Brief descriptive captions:

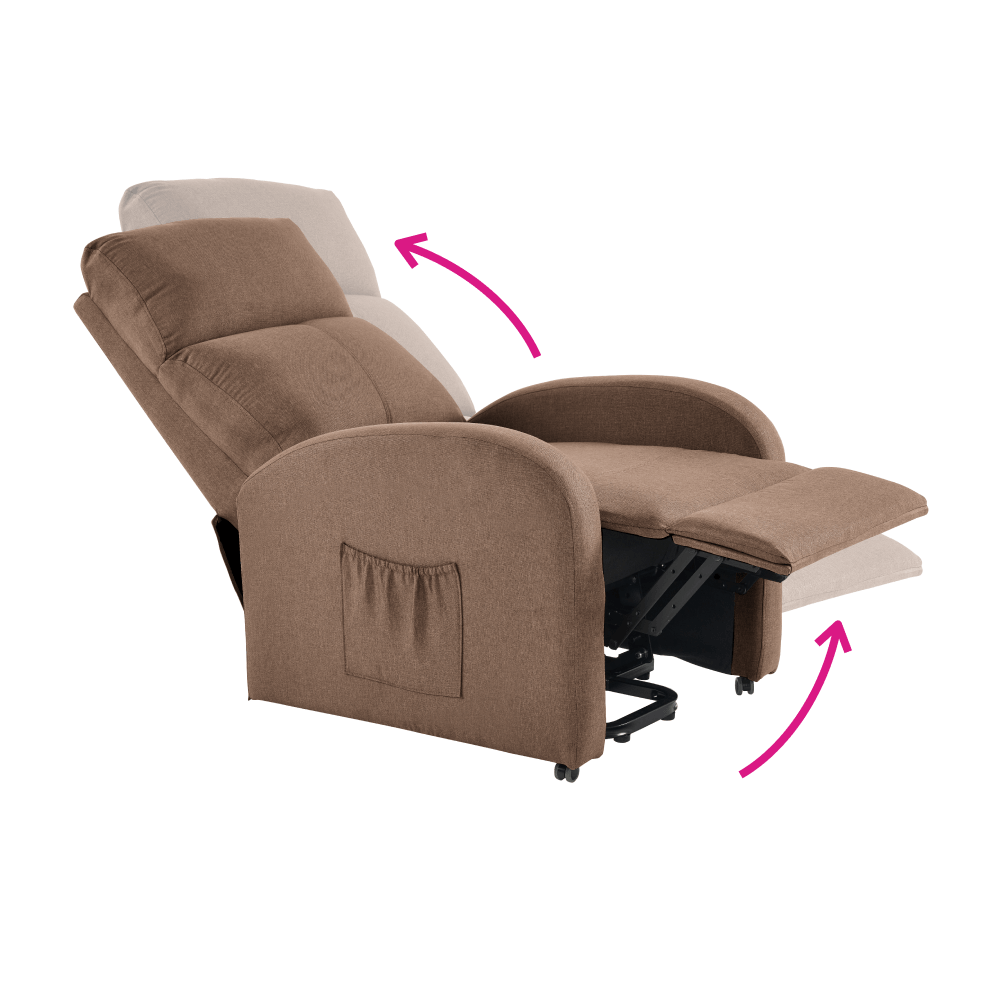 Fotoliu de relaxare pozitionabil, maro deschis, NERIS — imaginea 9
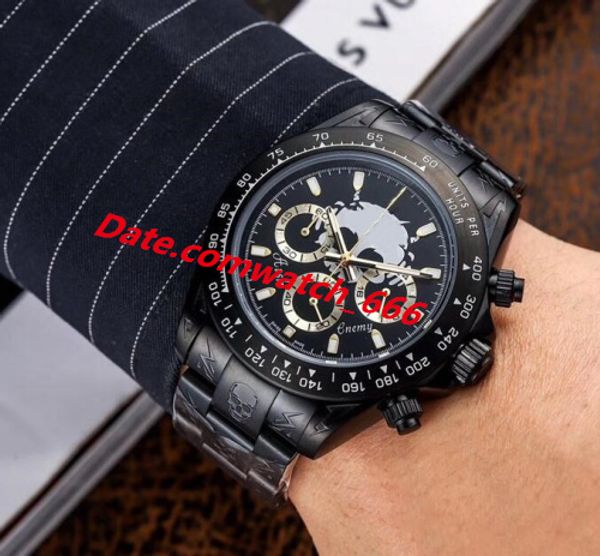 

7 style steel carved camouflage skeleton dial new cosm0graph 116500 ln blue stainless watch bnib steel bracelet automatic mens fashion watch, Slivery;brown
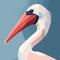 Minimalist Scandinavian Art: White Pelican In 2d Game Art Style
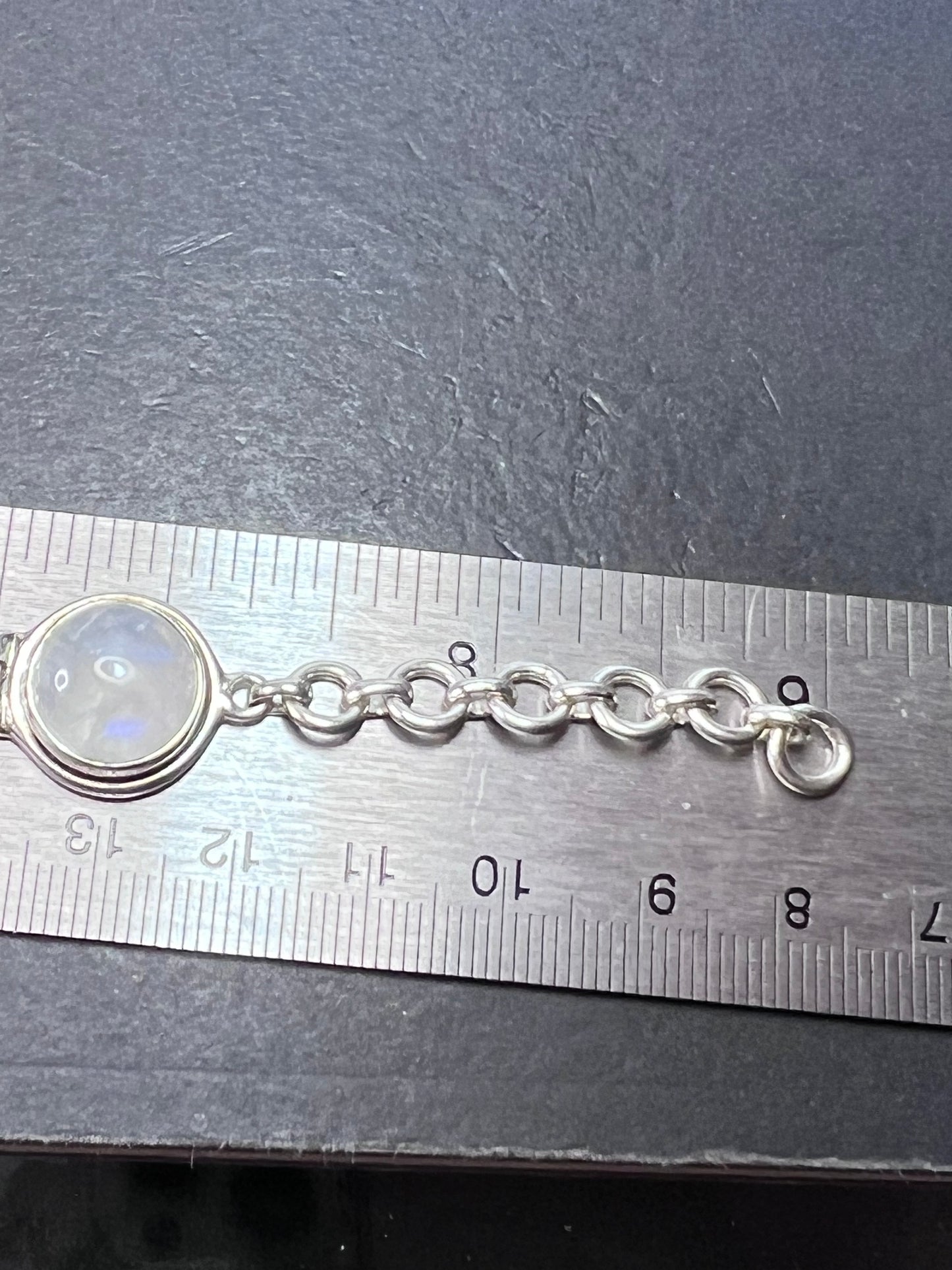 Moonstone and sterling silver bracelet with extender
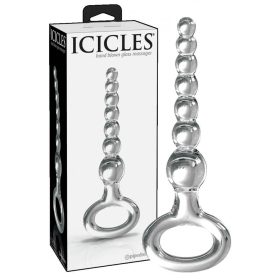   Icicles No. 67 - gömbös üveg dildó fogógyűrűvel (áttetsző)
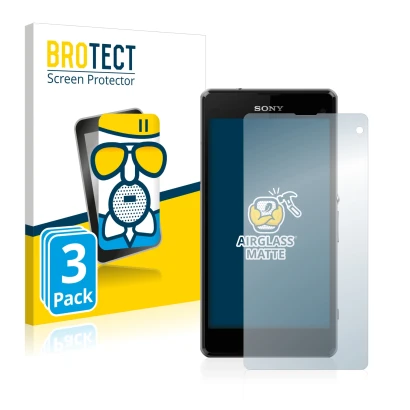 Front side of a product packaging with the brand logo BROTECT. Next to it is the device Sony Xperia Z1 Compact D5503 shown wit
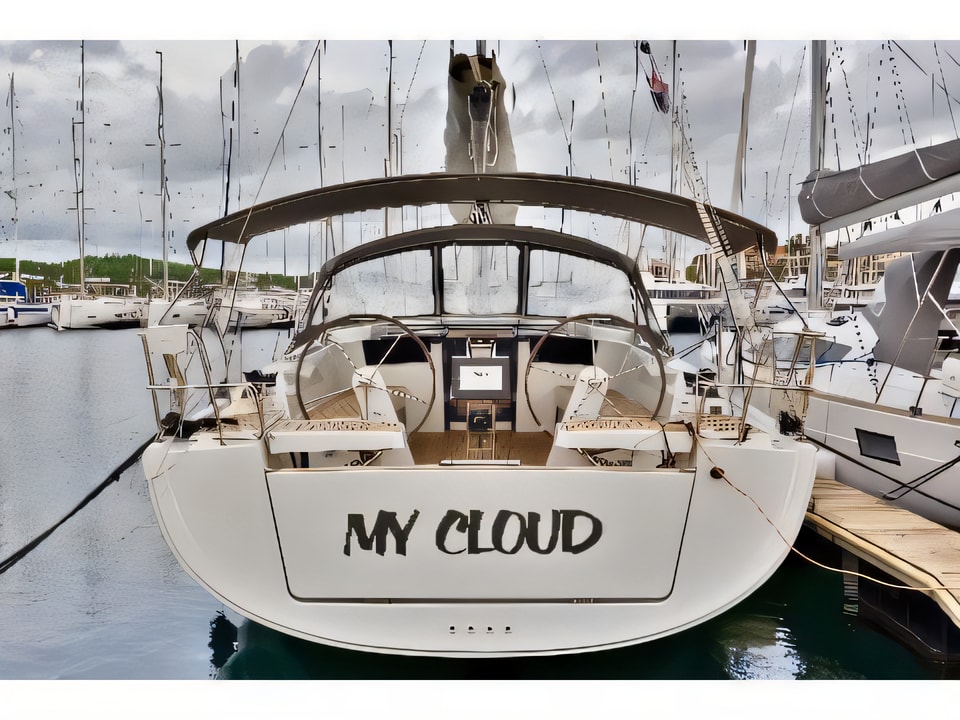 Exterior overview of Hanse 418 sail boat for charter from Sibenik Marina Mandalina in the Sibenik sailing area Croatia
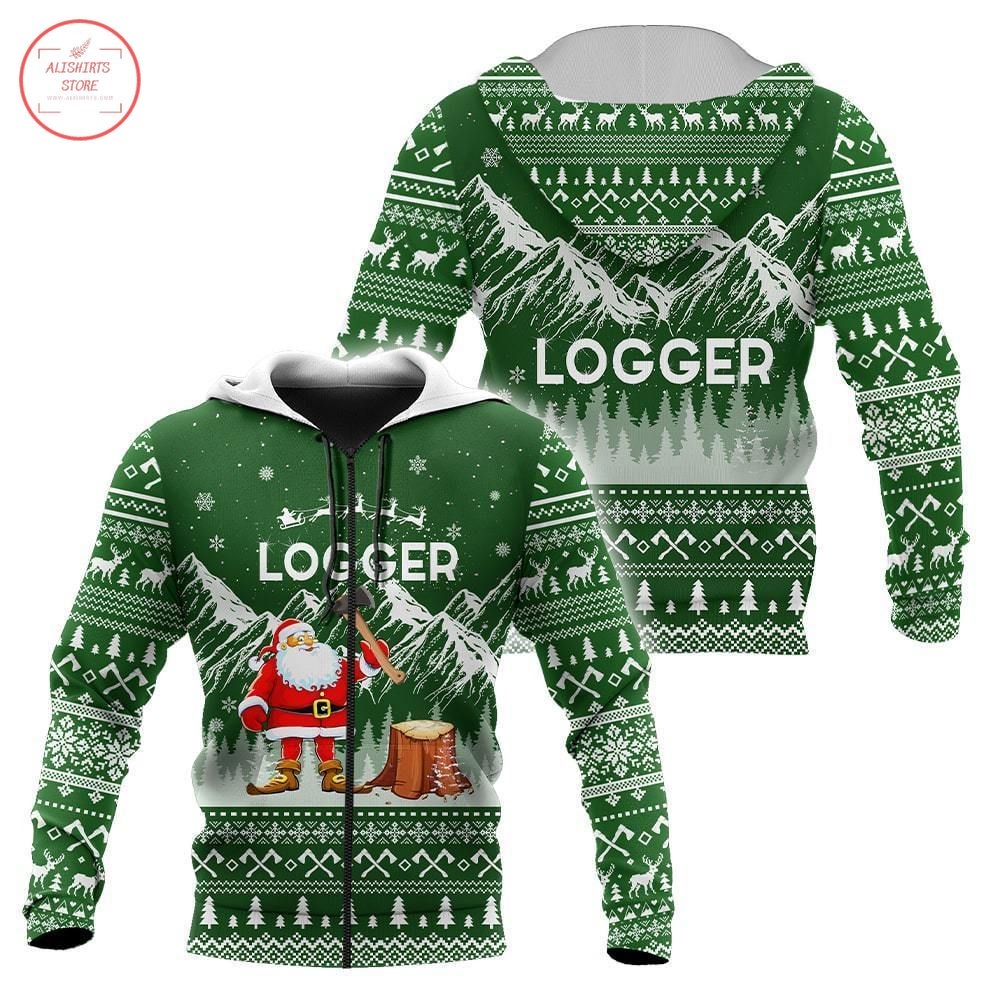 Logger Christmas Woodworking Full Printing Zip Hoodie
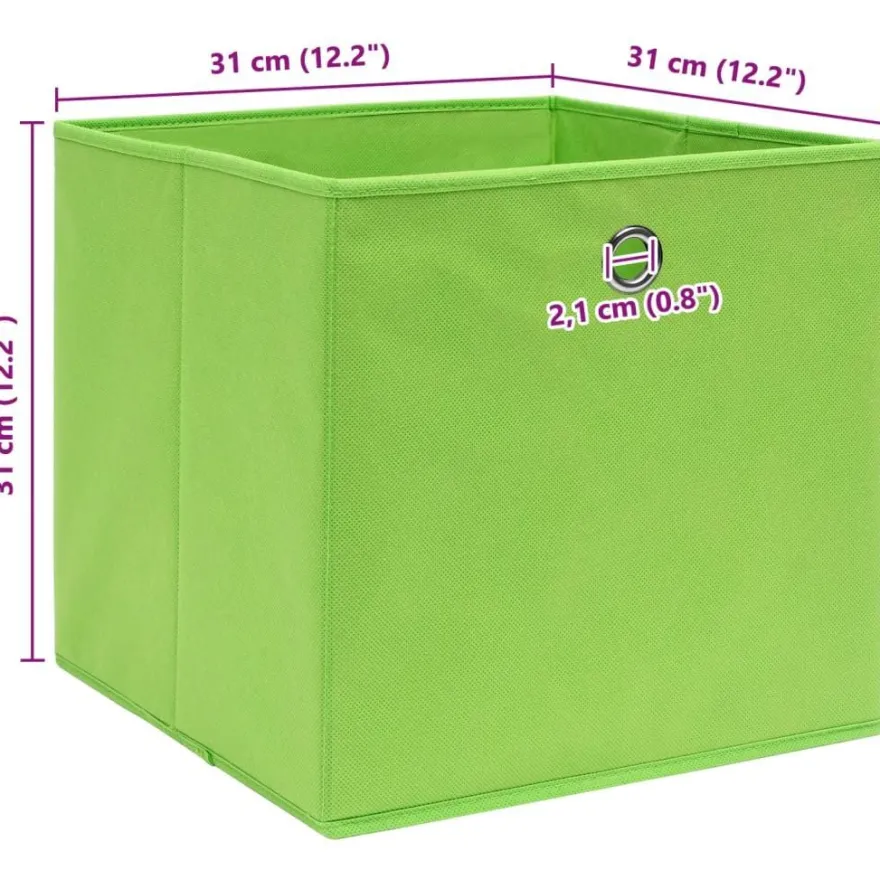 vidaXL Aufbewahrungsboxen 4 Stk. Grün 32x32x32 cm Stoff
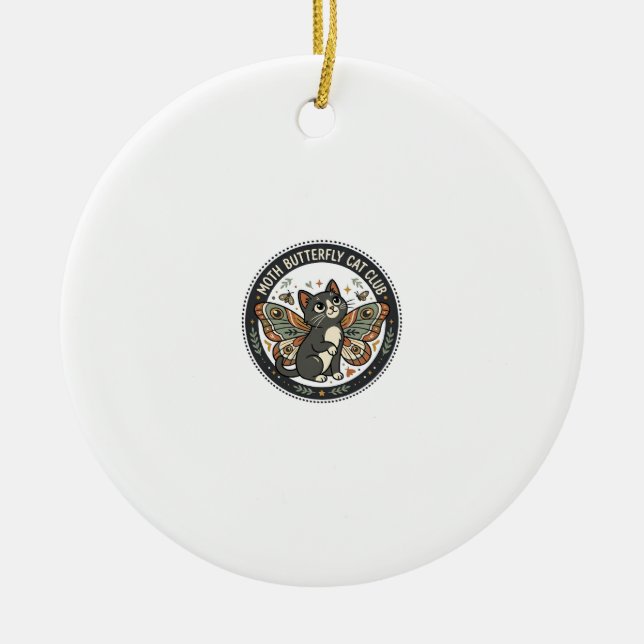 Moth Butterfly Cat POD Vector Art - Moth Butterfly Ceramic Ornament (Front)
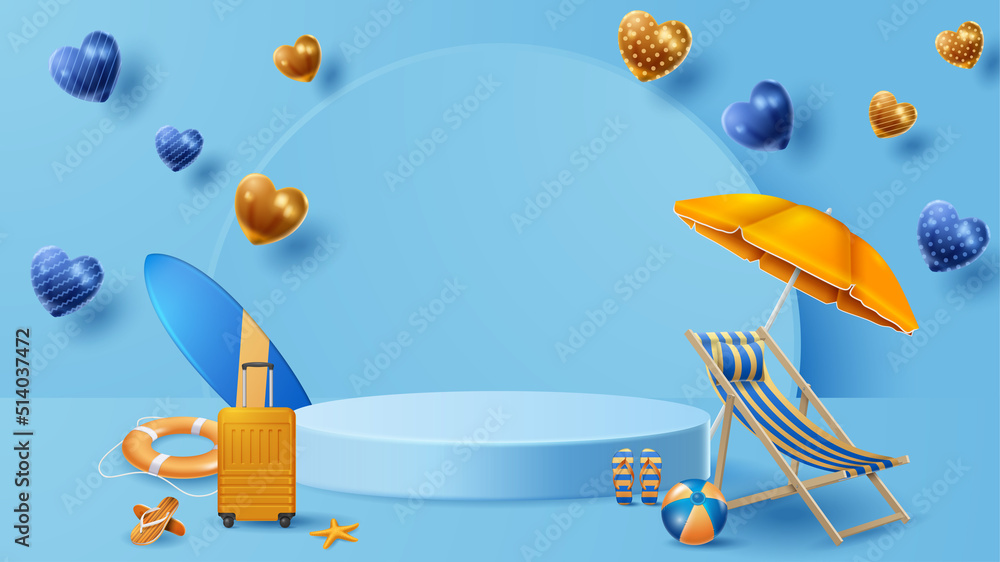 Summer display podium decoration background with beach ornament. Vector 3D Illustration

◆ DIRECTIONS
Print all of the entries word for word. Skip any images they contain.

◆ RESPONSE
 Fotoliu de relaxare pozitionabil, maro deschis, NERIS — imaginea 9

7 style steel carved camouflage skeleton dial new cosm0graph 116500 ln blue stainless watch bnib steel bracelet automatic mens fashion watch, Slivery;brown
 Minimalist Scandinavian Art: White Pelican In 2d Game Art Style
 Moonstone and sterling silver bracelet with extender
   Icicles No. 67 - gömbös üveg dildó fogógyűrűvel (áttetsző)
 Front side of a product packaging with the brand logo BROTECT. Next to it is the device Sony Xperia Z1 Compact D5503 shown wit
 Exterior overview of Hanse 418 sail boat for charter from Sibenik Marina Mandalina in the Sibenik sailing area Croatia
 Logger Christmas Woodworking Full Printing Zip Hoodie
 vidaXL Aufbewahrungsboxen 4 Stk. Grün 32x32x32 cm Stoff
 Moth Butterfly Cat POD Vector Art - Moth Butterfly Ceramic Ornament (Front)
 Summer display podium decoration background with beach ornament. Vector 3D Illustration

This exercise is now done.